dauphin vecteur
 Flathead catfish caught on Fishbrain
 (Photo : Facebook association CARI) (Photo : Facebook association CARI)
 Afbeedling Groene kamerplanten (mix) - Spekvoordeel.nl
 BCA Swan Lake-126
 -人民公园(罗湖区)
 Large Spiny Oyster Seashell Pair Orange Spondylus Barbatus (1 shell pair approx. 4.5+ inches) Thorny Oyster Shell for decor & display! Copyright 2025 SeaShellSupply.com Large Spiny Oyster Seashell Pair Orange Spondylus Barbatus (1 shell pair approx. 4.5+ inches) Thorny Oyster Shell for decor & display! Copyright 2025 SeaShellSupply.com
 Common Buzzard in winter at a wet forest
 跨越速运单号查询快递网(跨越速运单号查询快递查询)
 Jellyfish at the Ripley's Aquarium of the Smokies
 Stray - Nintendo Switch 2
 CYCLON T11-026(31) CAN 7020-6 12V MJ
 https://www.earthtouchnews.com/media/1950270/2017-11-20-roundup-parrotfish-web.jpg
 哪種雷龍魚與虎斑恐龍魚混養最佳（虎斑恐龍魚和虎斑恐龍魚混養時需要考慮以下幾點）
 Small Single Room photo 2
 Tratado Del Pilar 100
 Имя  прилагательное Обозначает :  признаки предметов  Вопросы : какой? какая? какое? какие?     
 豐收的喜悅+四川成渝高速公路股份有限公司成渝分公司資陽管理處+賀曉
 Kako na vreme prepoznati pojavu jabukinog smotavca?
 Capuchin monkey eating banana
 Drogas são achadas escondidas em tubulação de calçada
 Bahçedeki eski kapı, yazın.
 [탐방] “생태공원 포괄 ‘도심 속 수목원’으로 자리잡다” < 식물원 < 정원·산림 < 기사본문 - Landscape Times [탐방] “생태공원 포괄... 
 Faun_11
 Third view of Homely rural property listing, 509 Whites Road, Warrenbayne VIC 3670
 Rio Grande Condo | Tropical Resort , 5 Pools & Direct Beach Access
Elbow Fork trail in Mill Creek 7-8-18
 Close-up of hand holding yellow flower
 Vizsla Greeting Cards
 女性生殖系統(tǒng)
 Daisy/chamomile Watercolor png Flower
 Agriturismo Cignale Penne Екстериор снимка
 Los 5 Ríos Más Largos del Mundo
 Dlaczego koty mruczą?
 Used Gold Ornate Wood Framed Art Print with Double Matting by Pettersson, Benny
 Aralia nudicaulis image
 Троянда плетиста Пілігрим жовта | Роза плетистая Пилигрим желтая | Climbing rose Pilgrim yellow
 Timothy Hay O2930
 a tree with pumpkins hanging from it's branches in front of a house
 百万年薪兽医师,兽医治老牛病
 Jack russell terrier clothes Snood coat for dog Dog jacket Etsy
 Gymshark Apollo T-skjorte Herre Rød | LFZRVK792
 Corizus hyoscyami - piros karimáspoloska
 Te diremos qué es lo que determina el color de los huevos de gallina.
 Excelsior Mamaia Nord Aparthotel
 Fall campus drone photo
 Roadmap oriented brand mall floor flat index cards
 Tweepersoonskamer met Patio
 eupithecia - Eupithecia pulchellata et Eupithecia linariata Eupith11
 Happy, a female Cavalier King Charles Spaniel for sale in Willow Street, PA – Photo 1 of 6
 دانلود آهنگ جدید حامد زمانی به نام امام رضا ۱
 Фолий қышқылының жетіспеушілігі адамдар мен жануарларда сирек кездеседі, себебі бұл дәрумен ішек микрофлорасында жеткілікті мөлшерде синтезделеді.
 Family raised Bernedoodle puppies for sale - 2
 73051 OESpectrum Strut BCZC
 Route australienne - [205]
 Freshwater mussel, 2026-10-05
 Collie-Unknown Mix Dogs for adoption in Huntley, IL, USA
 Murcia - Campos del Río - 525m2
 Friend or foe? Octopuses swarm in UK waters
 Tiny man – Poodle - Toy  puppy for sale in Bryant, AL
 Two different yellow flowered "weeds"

══════

Only the lines from the first one of the listing up to and including the line where "Stray - Nintendo Switch 2" appears are wanted, reproduced exactly.

▶ _Your solution_:
dauphin vecteur
 Flathead catfish caught on Fishbrain
 (Photo : Facebook association CARI) (Photo : Facebook association CARI)
 Afbeedling Groene kamerplanten (mix) - Spekvoordeel.nl
 BCA Swan Lake-126
 -人民公园(罗湖区)
 Large Spiny Oyster Seashell Pair Orange Spondylus Barbatus (1 shell pair approx. 4.5+ inches) Thorny Oyster Shell for decor & display! Copyright 2025 SeaShellSupply.com Large Spiny Oyster Seashell Pair Orange Spondylus Barbatus (1 shell pair approx. 4.5+ inches) Thorny Oyster Shell for decor & display! Copyright 2025 SeaShellSupply.com
 Common Buzzard in winter at a wet forest
 跨越速运单号查询快递网(跨越速运单号查询快递查询)
 Jellyfish at the Ripley's Aquarium of the Smokies
 Stray - Nintendo Switch 2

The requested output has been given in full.